Where the line containing "post card img4617jpg5.webp" appears in the entries below, start there and print only that line and every line after it, exactly, through the end, excluding pictures.

---- INFORMATION SUPPLIED

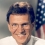 Tom Daschle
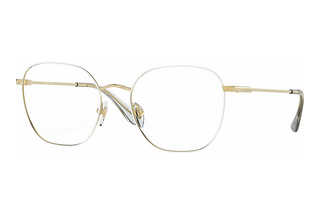 Vogue Eyewear VO4178 5120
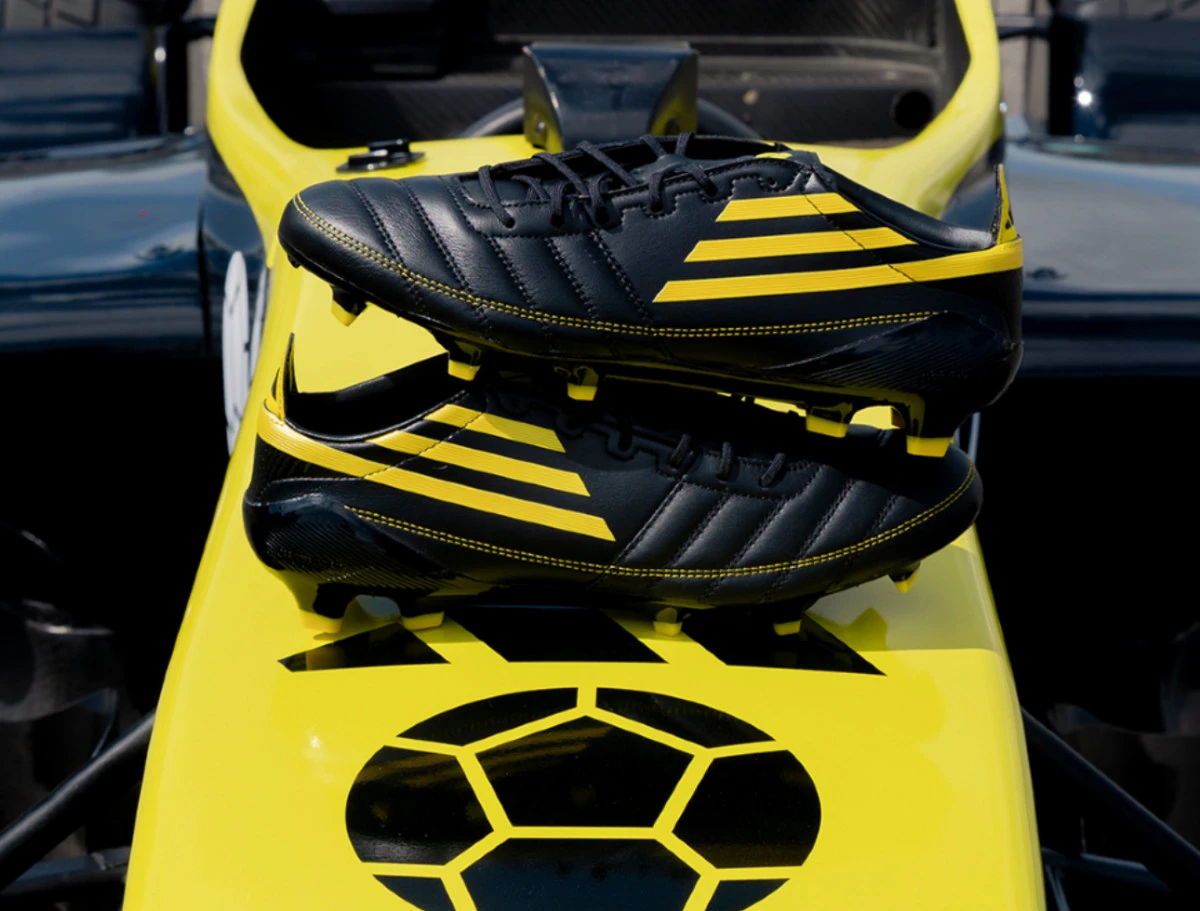 post card img4617jpg5.webp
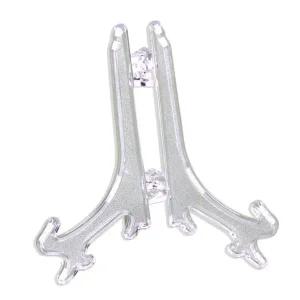 미니폴라로이드앨범 포카거치대 탑로더 거치대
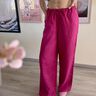 Pantalon fluide thumbnail number 6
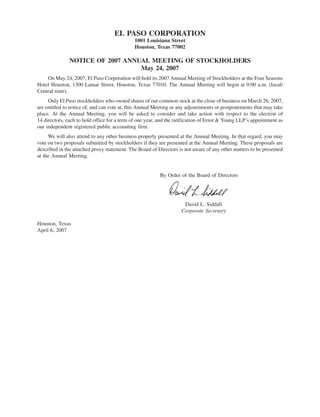 el paso 2007ElPasoProxy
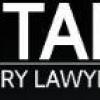 TITAN LAW FIRM, PC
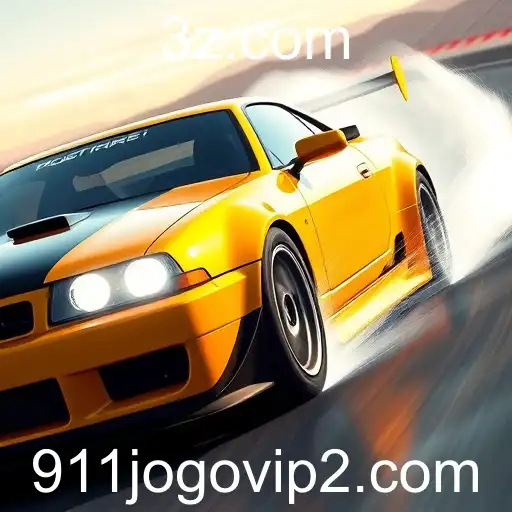 A Revolução do Mercado de Jogos Online em 2026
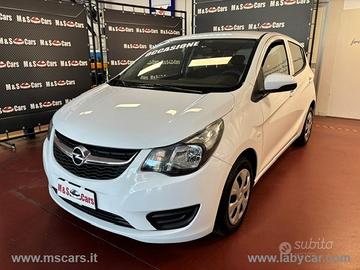 OPEL Karl 1.0 75 CV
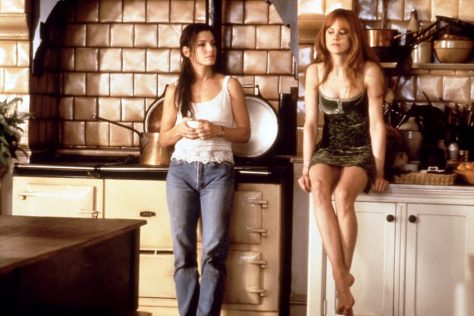 practical magic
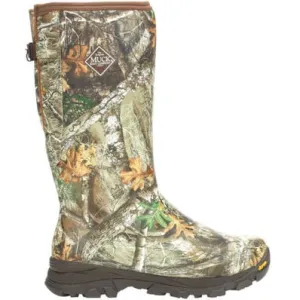 Men's Realtree® Edge™ Arctic Grip Wide Calf Boot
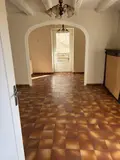 Maison a vendre Carentoir 56910 Morbihan 56 99 m2 5 pièces 126000 euros 009/1366 003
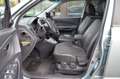 Hyundai TUCSON 2.7 GLS 4WD,Alu,Airbag,Klima,PDC,Shz,Servo,CD-R Grau - thumbnail 12
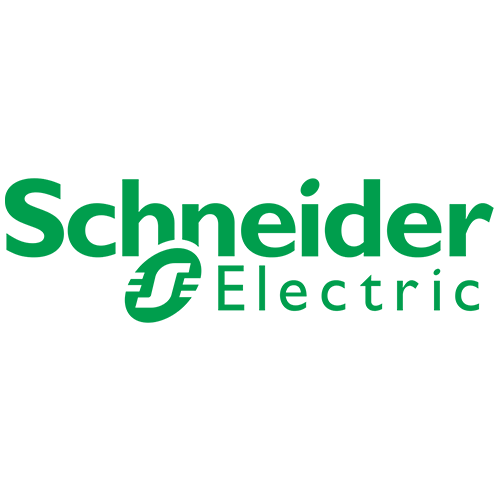 Schneider Electric Employer in Residence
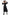 Thumbnail for Black Swedish Dress - Petite - nfd-demo-dev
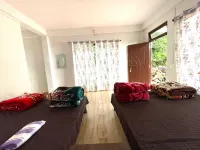 Rock View Rishop - Pet friendly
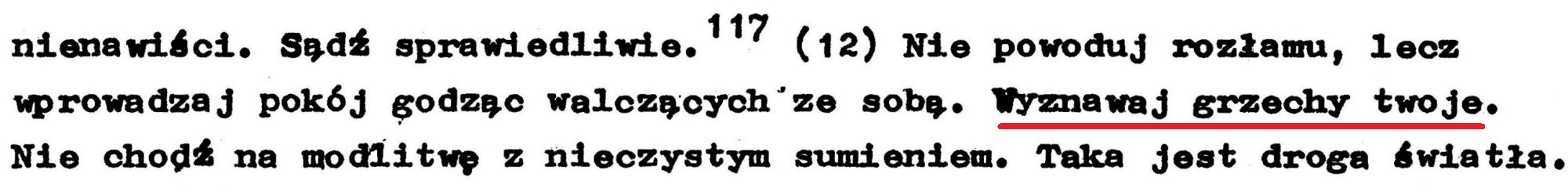 Ojcowie Apostolscy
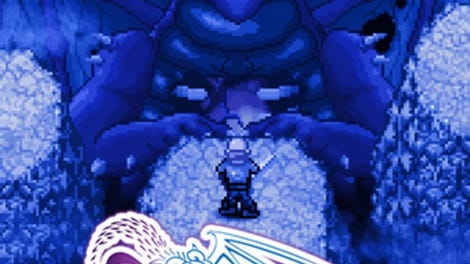 Dragon Fantasy: The Black Tome of Ice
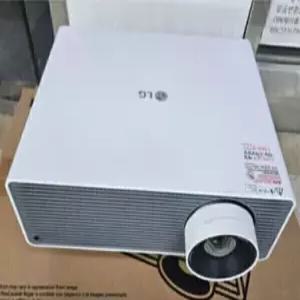 LG전자 BF50NST 정품 ( 설치 / AS / 빔프로젝터 문의 / 상담 / 20년 경력 )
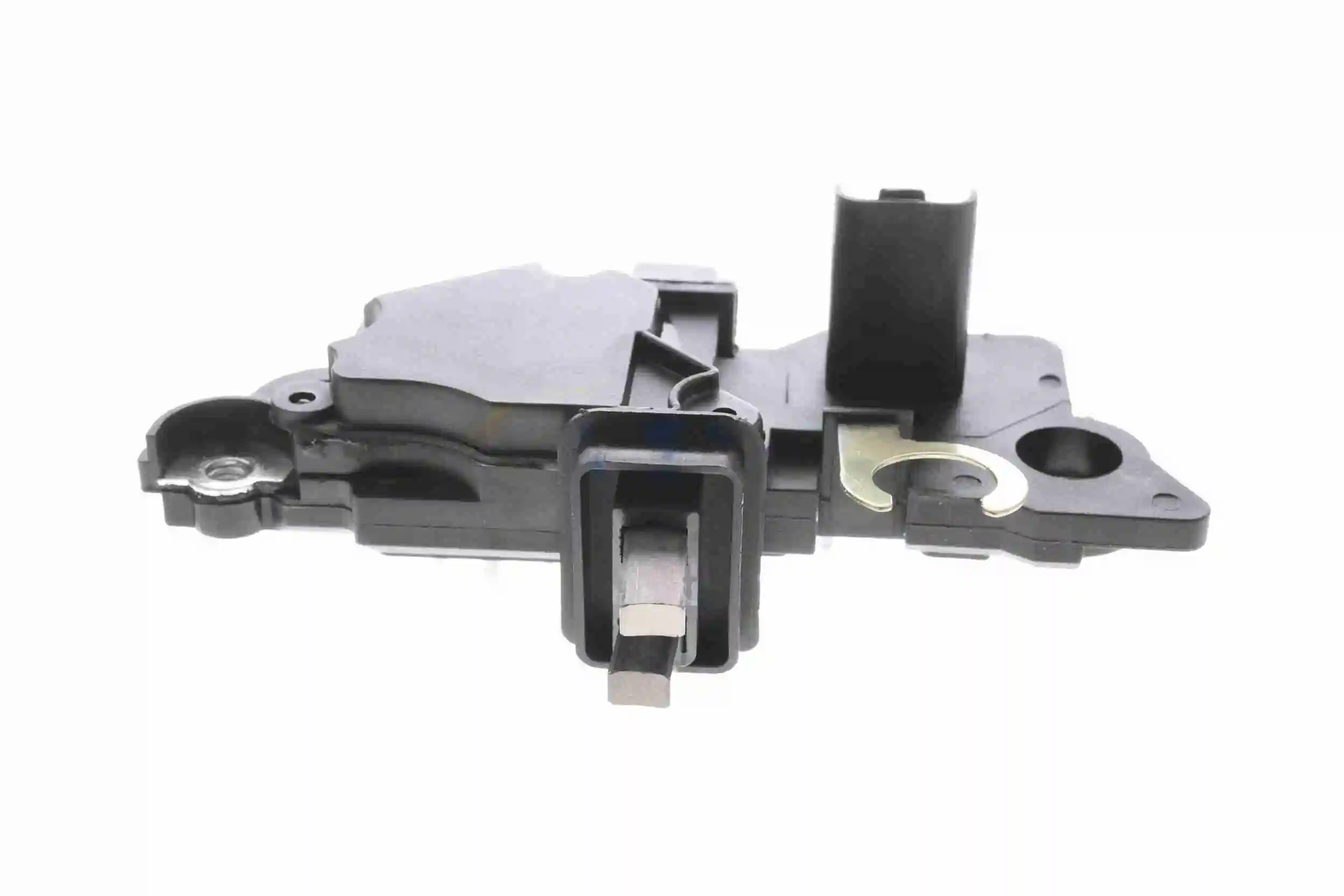 Regulador de corriente Vemo V46770029 precio, desde 25,59 EUR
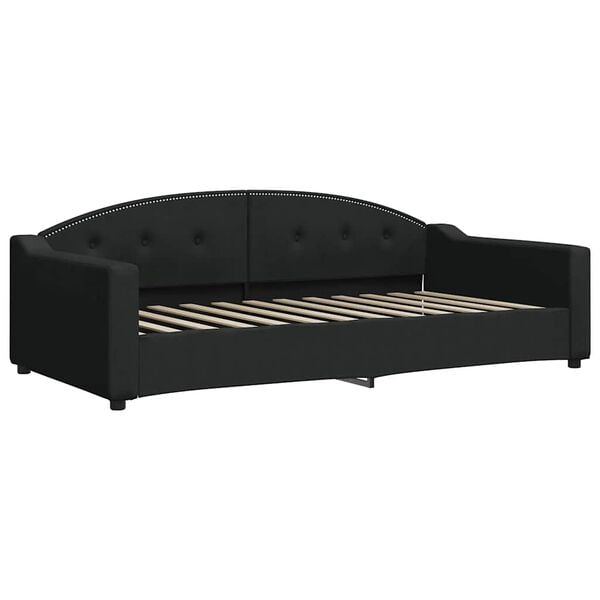 Viser produktbillede 3 af 12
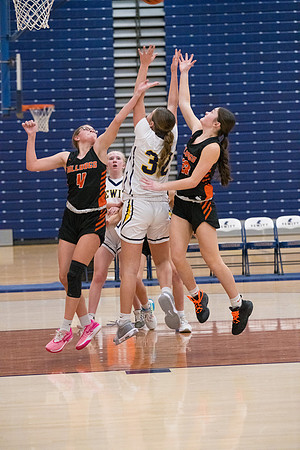 TCP_3652_021825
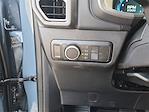 New 2025 Ford Bronco Sport Big Bend 4WD SUV for sale #3F12261 - photo 28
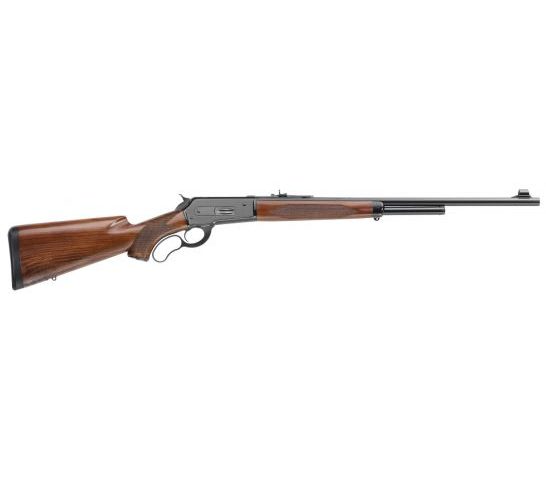 Davide Pedersoli 86/71 Classic .45/.70 Lever Action Rifle – S740457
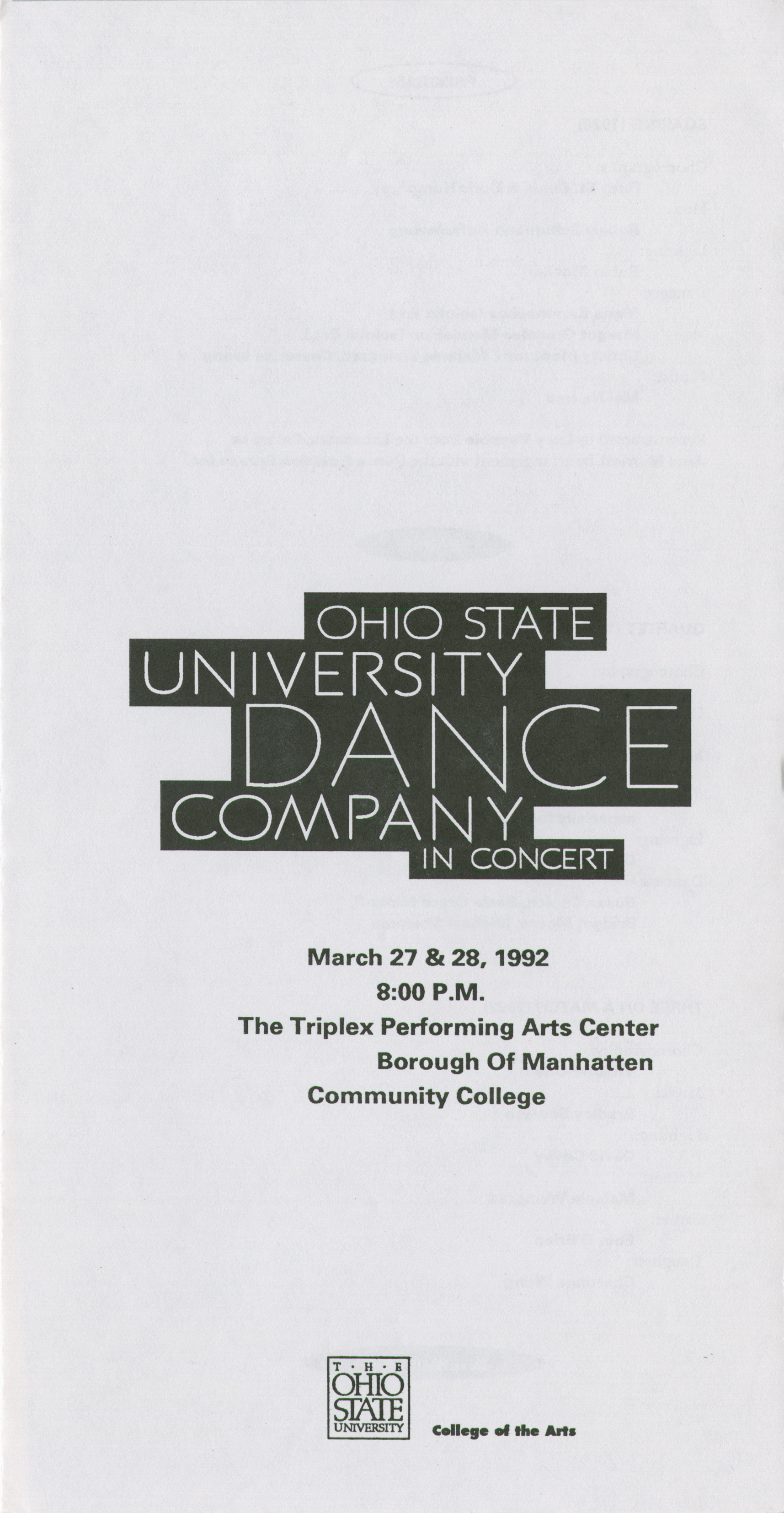 UDC_1992.2_DancePrograms-022-001.jpg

--------

◆ **WRITTEN ANSWER**
 post card img4617jpg5.webp
 미니폴라로이드앨범 포카거치대 탑로더 거치대
 Pantalon fluide thumbnail number 6
 el paso 2007ElPasoProxy
 TITAN LAW FIRM, PC
 A Revolução do Mercado de Jogos Online em 2026
 OPEL Karl 1.0 75 CV
 practical magic
 Men's Realtree® Edge™ Arctic Grip Wide Calf Boot
 Maison a vendre Carentoir 56910 Morbihan 56 99 m2 5 pièces 126000 euros 009/1366 003
 Hyundai TUCSON 2.7 GLS 4WD,Alu,Airbag,Klima,PDC,Shz,Servo,CD-R Grau - thumbnail 12
 Schneider Electric Employer in Residence
 Thumbnail for Black Swedish Dress - Petite - nfd-demo-dev
 Rock View Rishop - Pet friendly
 Ojcowie Apostolscy
 Dragon Fantasy: The Black Tome of Ice
 LG전자 BF50NST 정품 ( 설치 / AS / 빔프로젝터 문의 / 상담 / 20년 경력 )
 Regulador de corriente Vemo V46770029 precio, desde 25,59 EUR
 Viser produktbillede 3 af 12
 TCP_3652_021825
 New 2025 Ford Bronco Sport Big Bend 4WD SUV for sale #3F12261 - photo 28
 Davide Pedersoli 86/71 Classic .45/.70 Lever Action Rifle – S740457
 UDC_1992.2_DancePrograms-022-001.jpg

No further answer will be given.